Exercise details
Extract the stretch of lines that starts at the line with "An 18 carat" and ends at the last line of the data below. Give it exactly, without pictures.

Study material
***

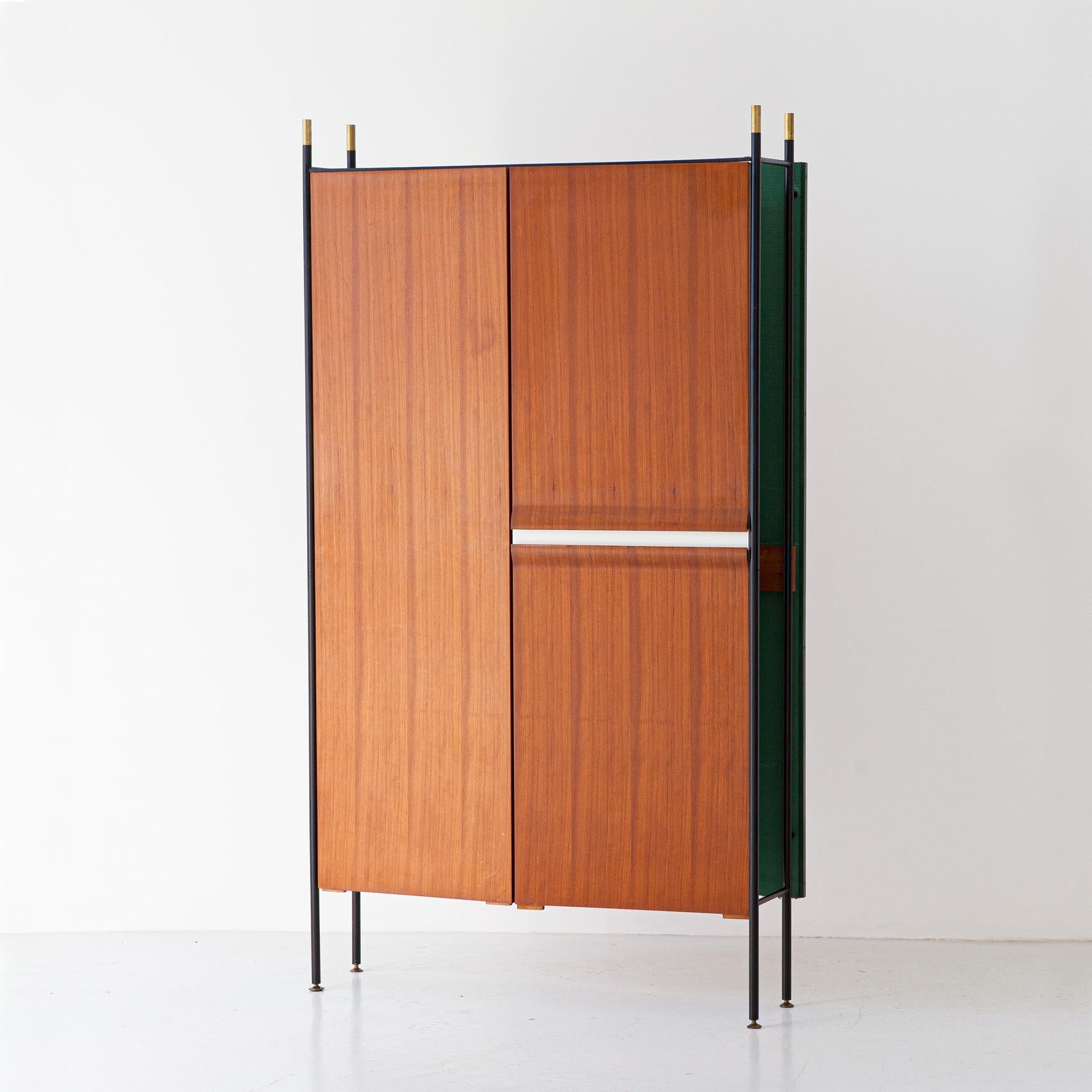 Italian Wardrobe, teak, green fabric, iron and brass, 1950s

This incredible cabinet of mid-century modern Italian design boasts ultra modern lines along with technical details of high Italian carpentry.

It has four brass and black enameled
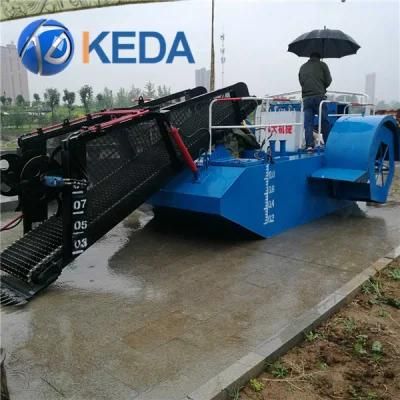 Water Lily, Water Hyacinth, Reed and Floating Grass in River Combine Harvester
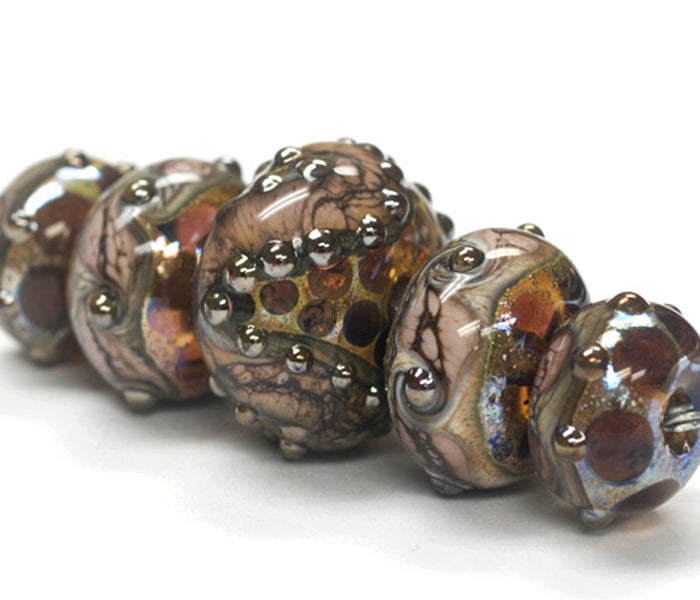 10601211- Five Graduated Dark Amethyst w/Silver Foil Beads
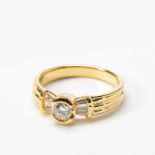An 18 carat gold and diamond ring21st centuryCentered by a circular-cut diamond, to a tapering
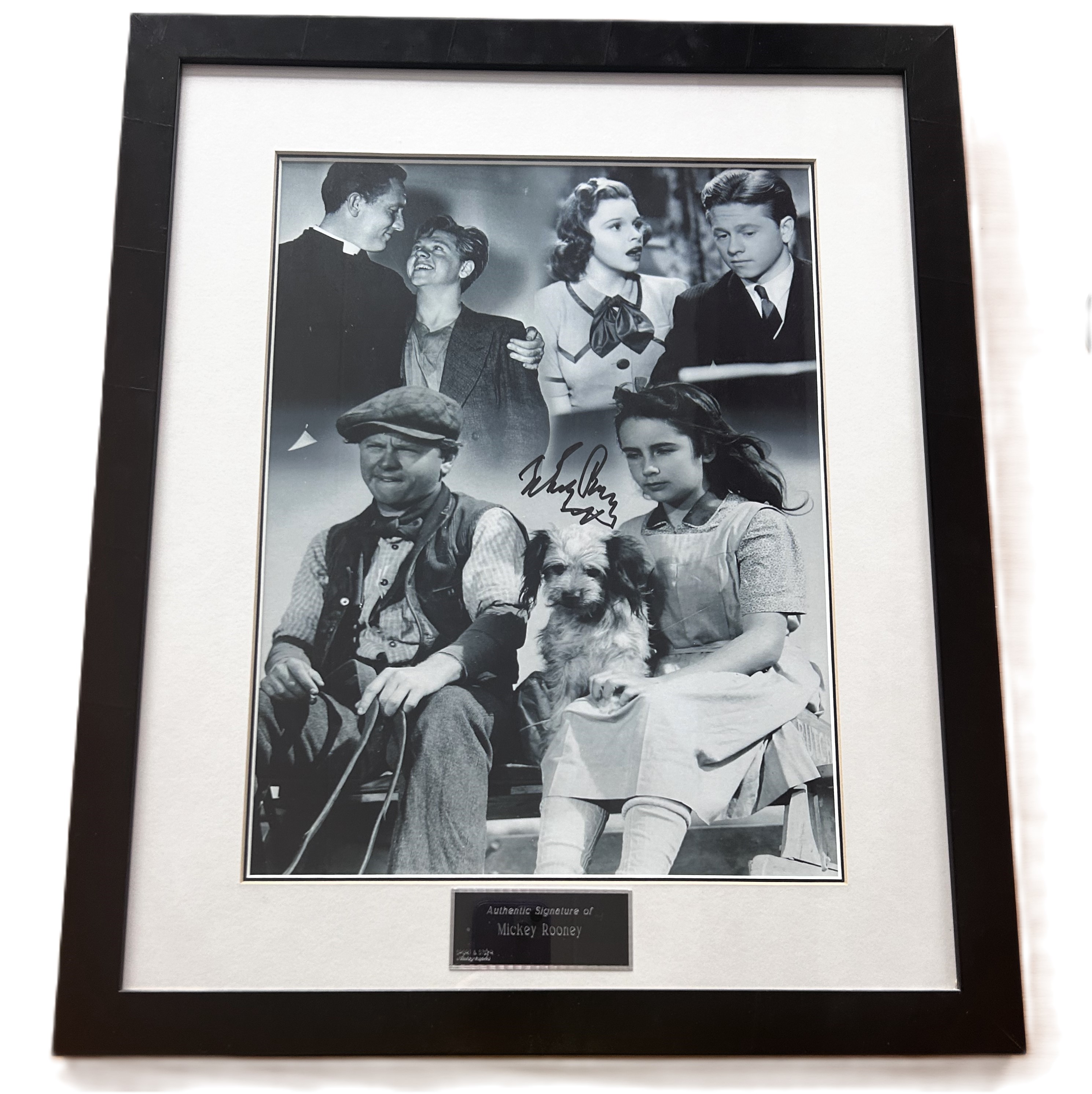 Mickey Rooney signed mounted and framed The Wizard of Oz black and white photo. Measures 22"x18"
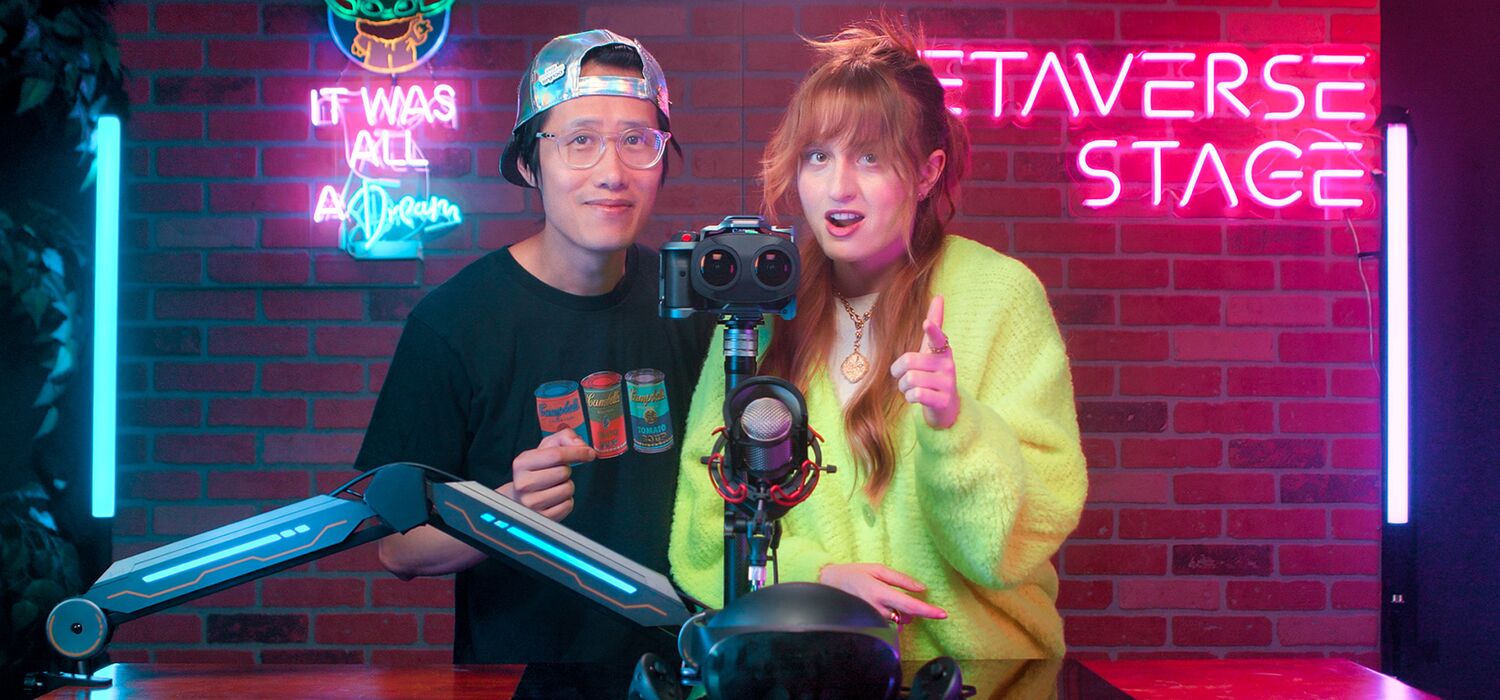 Hugh Hou and Keeley Turner behind a desk with a dual-lens 3D camera, under the studio's pink Metaverse Stage neon sign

***

Exercise result
An 18 carat gold and diamond ring21st centuryCentered by a circular-cut diamond, to a tapering
 Mickey Rooney signed mounted and framed The Wizard of Oz black and white photo. Measures 22"x18"
 Hugh Hou and Keeley Turner behind a desk with a dual-lens 3D camera, under the studio's pink Metaverse Stage neon sign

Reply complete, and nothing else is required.